Al-Ustadz Abul Abbas Muhammad Ihsan
Salah satu prinsip yang menjadi konsekuensi kalimat tauhid adalah kewajiban hamba untuk menjadikan kecintaan terhadap Allah ‘azza wa jalla sebagai kecintaan tertinggi di dalam lubuk hatinya. Allah ‘azza wa jalla berfirman,
“Adapun orang-orang yang beriman amat sangat cintanya kepada Allah.” (al-Baqarah: 165)
Berbeda halnya dengan orang kafir dan musyrik. Kecintaan mereka terbagi sebanyak sembahan yang mereka sembah selain Allah ‘azza wa jalla, padahal Allah ‘azza wa jalla yang menciptakan kita. Firman-Nya,
“Dan di antara manusia ada orang-orang yang menyembah tandingan-tandingan selain Allah; mereka mencintainya sebagaimana mereka mencintai Allah.” (al-Baqarah: 165)
Asy-Syaikh Abdurrahman as-Sa’di rahimahullah menjelaskan, “Orang yang beriman sangat mencintai Allah ‘azza wa jalla dibandingkan dengan kecintaan orang musyrik terhadap sembahan mereka.
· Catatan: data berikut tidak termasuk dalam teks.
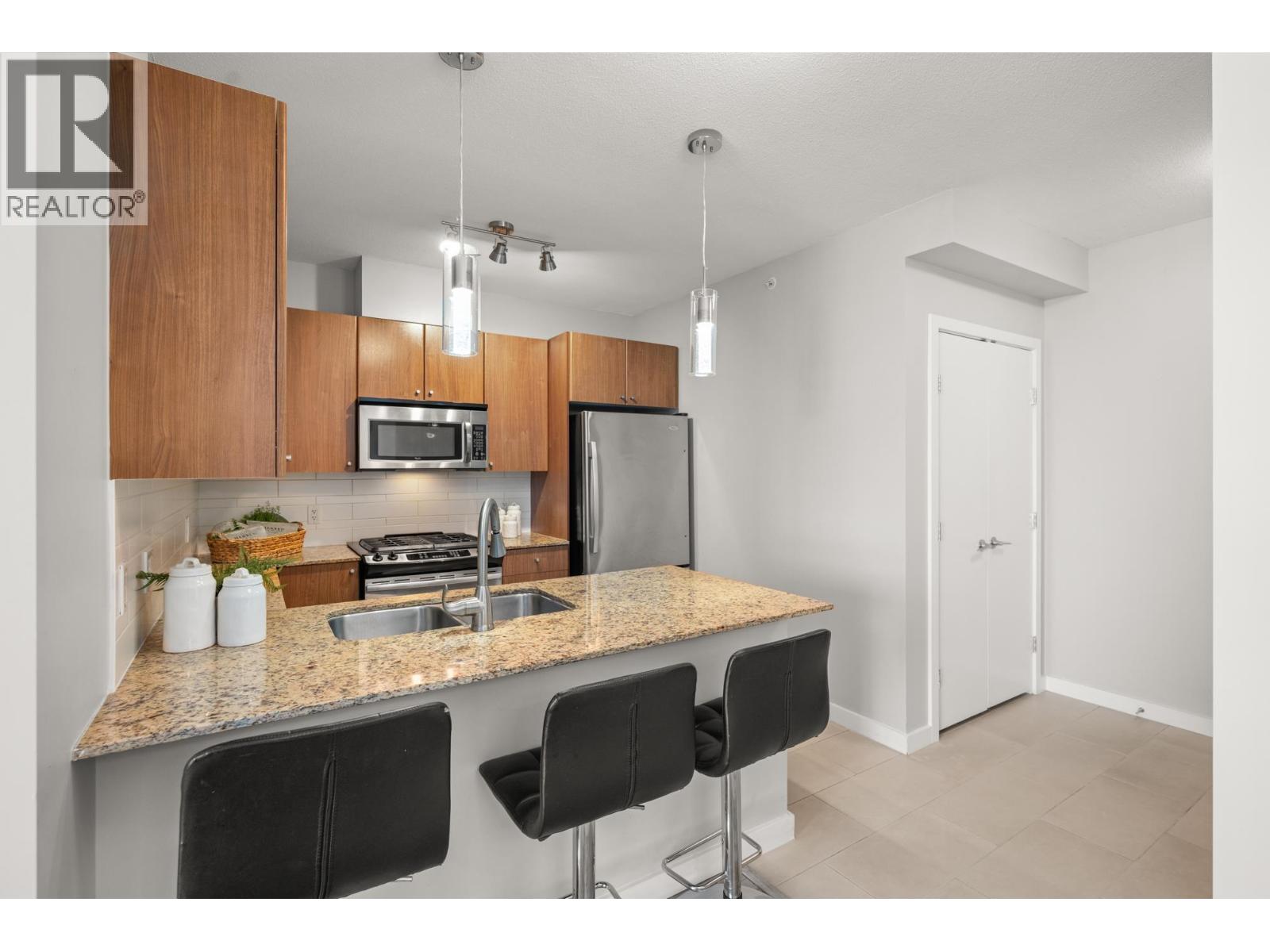 2103 280 Ross Drive, New Westminster, British Columbia  V3L 0C2 - Photo 8 - R3030125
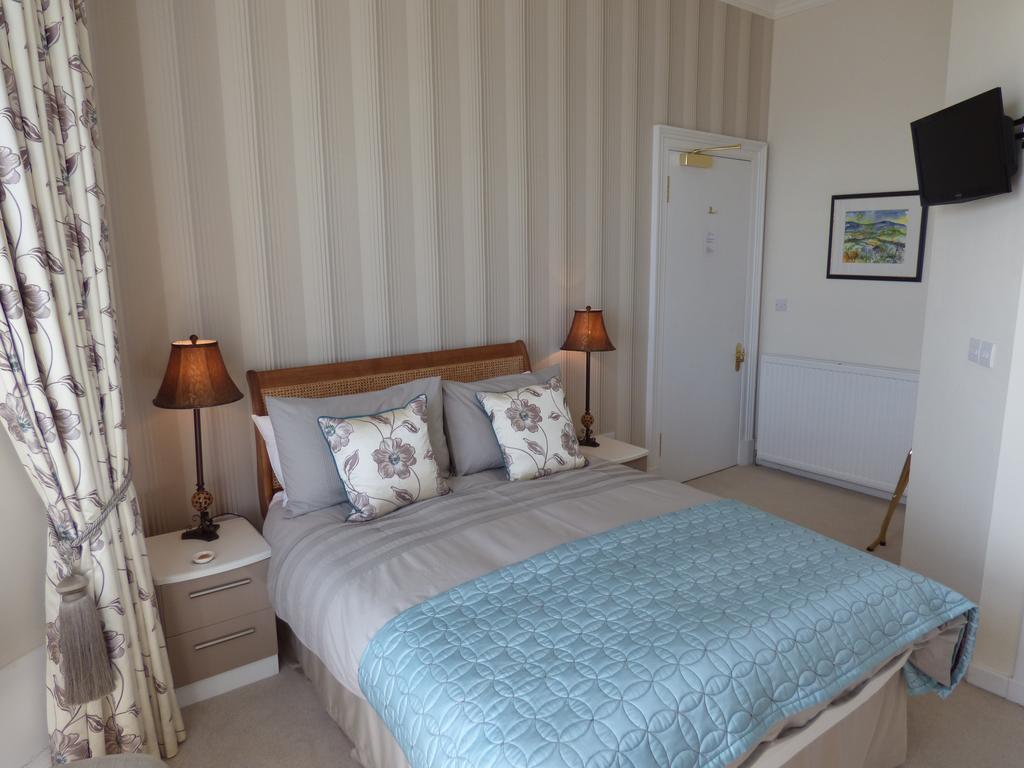 Douglas Park Guest House Kirn ภายนอก รูปภาพ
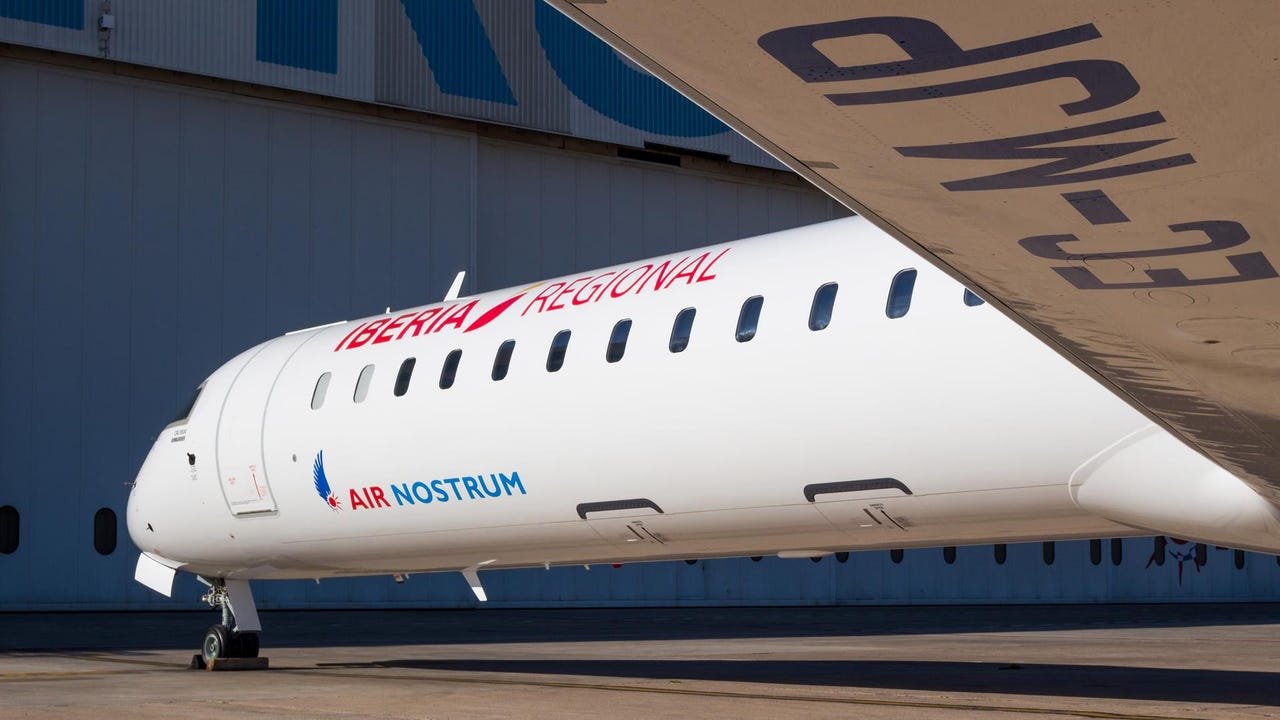 Un avión de Air Nostrum impacta contra la viga de una carpa durante el despegue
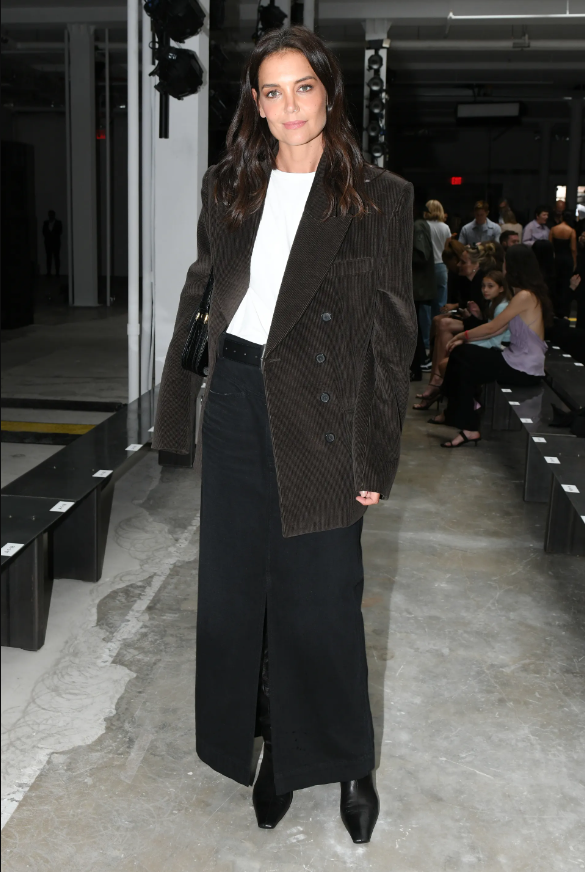 Sau đó xuất hiện với vẻ dịu dàng dễ mến tại show của Khaite.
Sebab, orang yang beriman memurnikan kecintaannya kepada Allah ‘azza wa jalla, sedangkan orang musyrik mempersekutukan-Nya dalam hal kecintaan. Selain itu, orang yang beriman mencintai Dzat yang berhak untuk dicintai secara hakiki (yaitu Allah ‘azza wa jalla), yang kecintaan terhadap-Nya ‘azza wa jalla adalah sumber kebaikan, kebahagiaan, dan keselamatannya. Adapun orang musyrik mencintai sesuatu yang tidak berhak dicintai, sehingga kecintaan itu menjadi sumber kesengsaraan, kerusakan, dan kekacauan urusannya.
Sebagaimana dimaklumi, kecintaan hamba terhadap sesuatu memiliki konsekuensi yang harus diwujudkan sebagai bukti kebenaran dan kejujuran cintanya itu. Maka dari itu, kecintaan tertinggi seorang mukmin terhadap Allah ‘azza wa jalla menuntutnya untuk mencintai segala sesuatu yang dicintai oleh Rabb-Nya, walaupun tidak sejalan dengan logika, perasaan, adat-istiadat, atau hawa nafsunya. Di samping itu, dia harus membenci segala yang dibenci oleh Penciptanya, walaupun seleranya sangat menyenanginya.
Allah ‘azza wa jalla berfirman,
“Dan tidaklah patut bagi laki-laki mukmin dan tidak (pula) bagi perempuan mukminah, apabila Allah dan Rasul-Nya telah menetapkan suatu ketetapan, akan ada bagi mereka pilihan (yang lain) tentang urusan mereka. Barang siapa mendurhakai Allah dan Rasul-Nya, sungguh dia telah sesat dengan kesesatan yang nyata.” (al-Ahzab: 36)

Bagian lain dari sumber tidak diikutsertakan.